Return the intersection of the dictview and the other object as a new set.

##### dictview | other

Return the union of the dictview and the other object as a new set.

##### dictview - other

Return the difference between the dictview and the other object (all elements in dictview that aren’t in other) as a new set.

##### dictview ^ other

Return the symmetric difference (all elements either in dictview or other, but not in both) of the dictview and the other object as a new set.

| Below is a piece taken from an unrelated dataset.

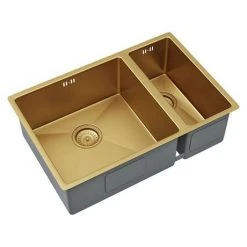 Venice 1.5 Bowl Brushed Gold Undermount Stainless Steel Kitchen Sink + Wastes 5 Venice 1.5 Bowl Brushed Gold Undermount Stainless Steel Kitchen Sink + Wastes -Victorian Plumbing Store VSNK008 D2 460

An example of dictionary view usage:

>>>
>>> dishes = {'eggs': 2, 'sausage': 1, 'bacon': 1, 'spam': 500}
>>> keys = dishes.viewkeys()
>>> values = dishes.viewvalues()

>>> # iteration
>>> n = 0
>>> for val in values:
...     n += val
>>> print(n)
504

>>> # keys and values are iterated over in the same order
>>> list(keys)
['eggs', 'bacon', 'sausage', 'spam']
>>> list(values)
[2, 1, 1, 500]

>>> # view objects are dynamic and reflect dict changes
>>> del dishes['eggs']
>>> del dishes['sausage']
>>> list(keys)
['spam', 'bacon']

>>> # set operations
>>> keys & {'eggs', 'bacon', 'salad'}
{'bacon'}


### 5.9. File Objects

File objects are implemented using C’s stdio package and can be created with the built-in open() function. File objects are also returned by some other built-in functions and methods, such as os.popen() and os.fdopen() and the makefile() method of socket objects. Temporary files can be created using the tempfile module, and high-level file operations such as copying, moving, and deleting files and directories can be achieved with the shutil module.

When a file operation fails for an I/O-related reason, the exception IOError is raised. This includes situations where the operation is not defined for some reason, like seek() on a tty device or writing a file opened for reading.

Files have the following methods:

##### file.close()

Close the file. A closed file cannot be read or written any more. Any operation which requires that the file be open will raise a ValueError after the file has been closed. Calling close() more than once is allowed.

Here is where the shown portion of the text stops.